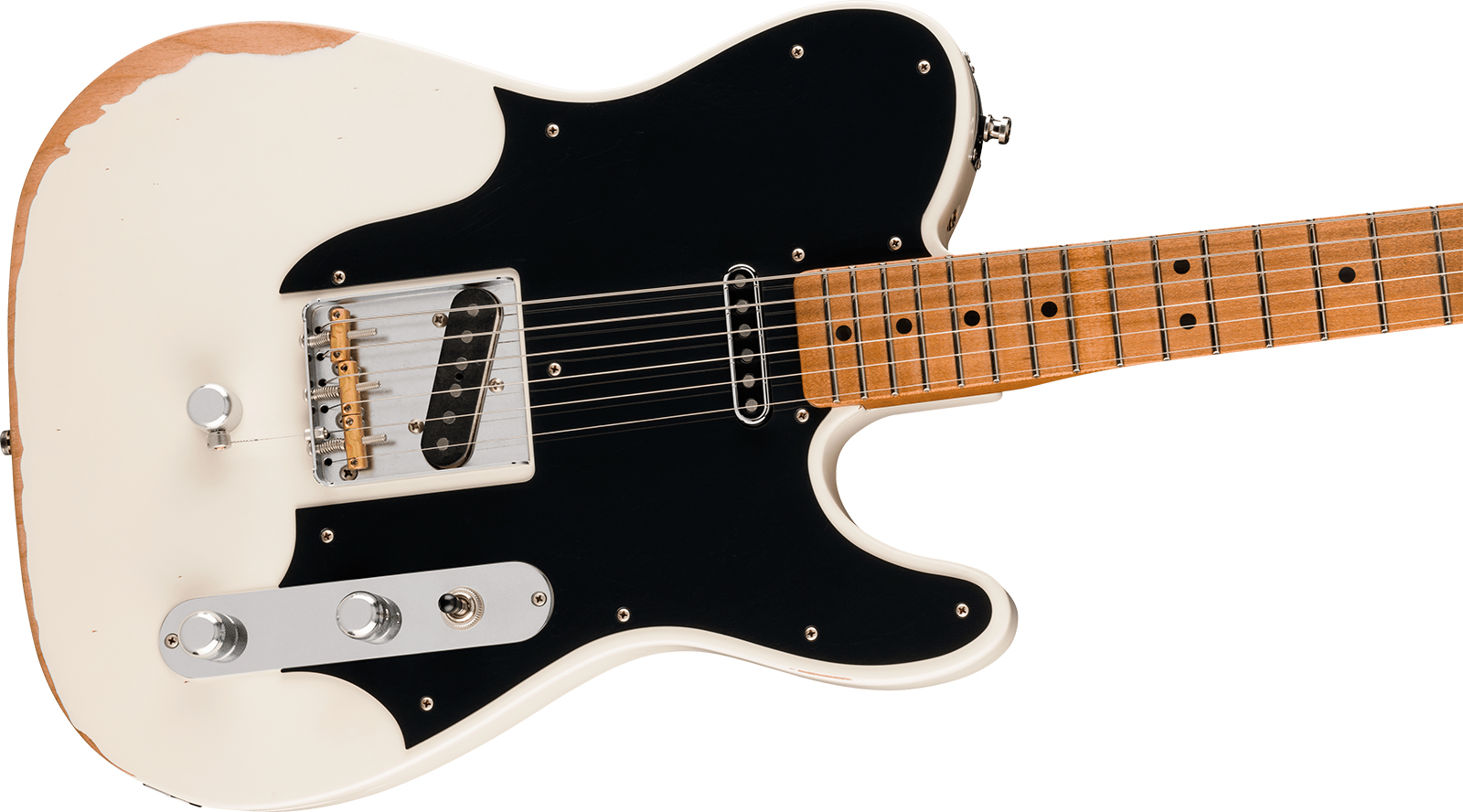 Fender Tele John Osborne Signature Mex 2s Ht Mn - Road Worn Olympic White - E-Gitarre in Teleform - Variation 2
...
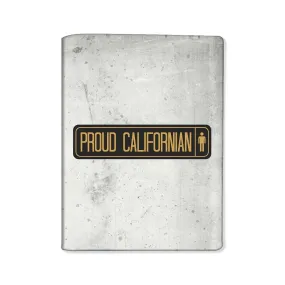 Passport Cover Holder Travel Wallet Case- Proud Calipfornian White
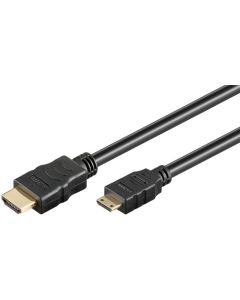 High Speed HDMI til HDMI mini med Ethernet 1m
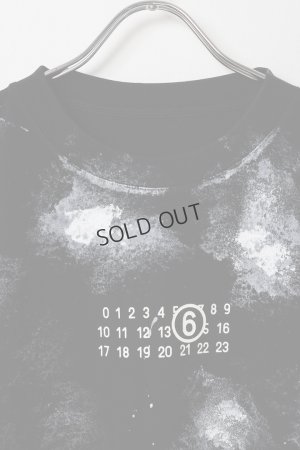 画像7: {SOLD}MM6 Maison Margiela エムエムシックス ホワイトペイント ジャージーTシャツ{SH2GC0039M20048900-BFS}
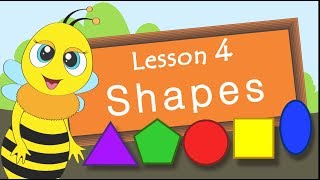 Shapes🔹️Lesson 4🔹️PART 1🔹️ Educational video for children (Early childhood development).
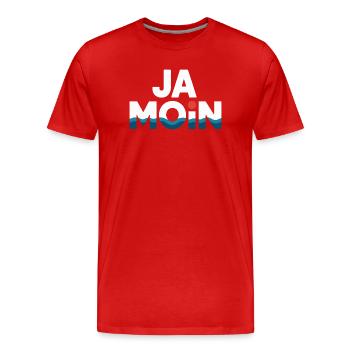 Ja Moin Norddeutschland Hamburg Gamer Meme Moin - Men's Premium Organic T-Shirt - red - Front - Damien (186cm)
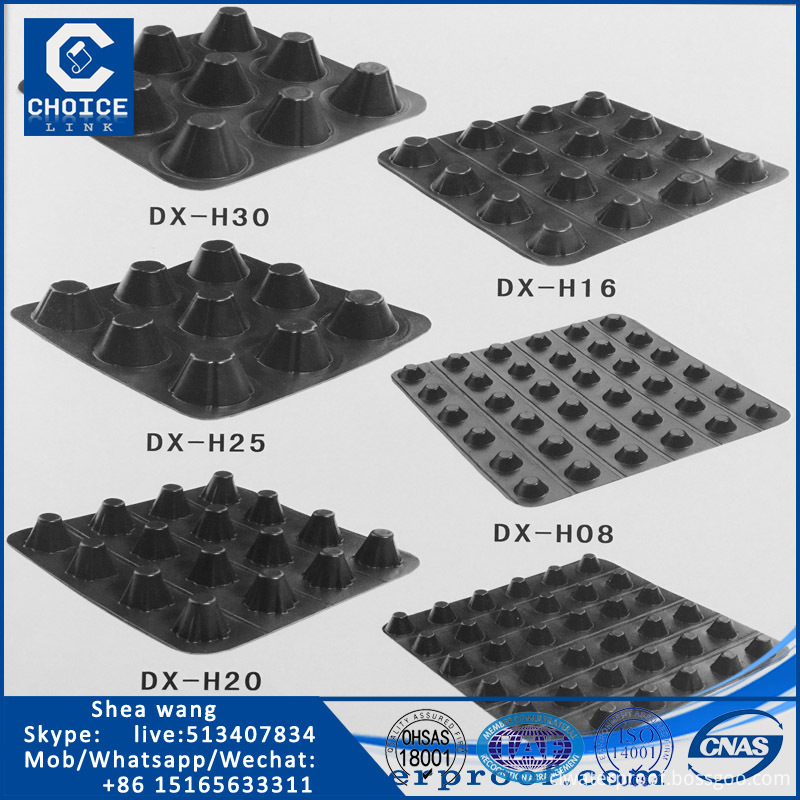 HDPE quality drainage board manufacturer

**Description of the task:** Repeat only the stretch of data above that runs from the line with "Ja Moin Norddeutschland" to the line with "HDPE quality drainage board manufacturer". Keep both end lines; exclude pictures.

**Exercise output:**
 Ja Moin Norddeutschland Hamburg Gamer Meme Moin - Men's Premium Organic T-Shirt - red - Front - Damien (186cm)
 HDPE quality drainage board manufacturer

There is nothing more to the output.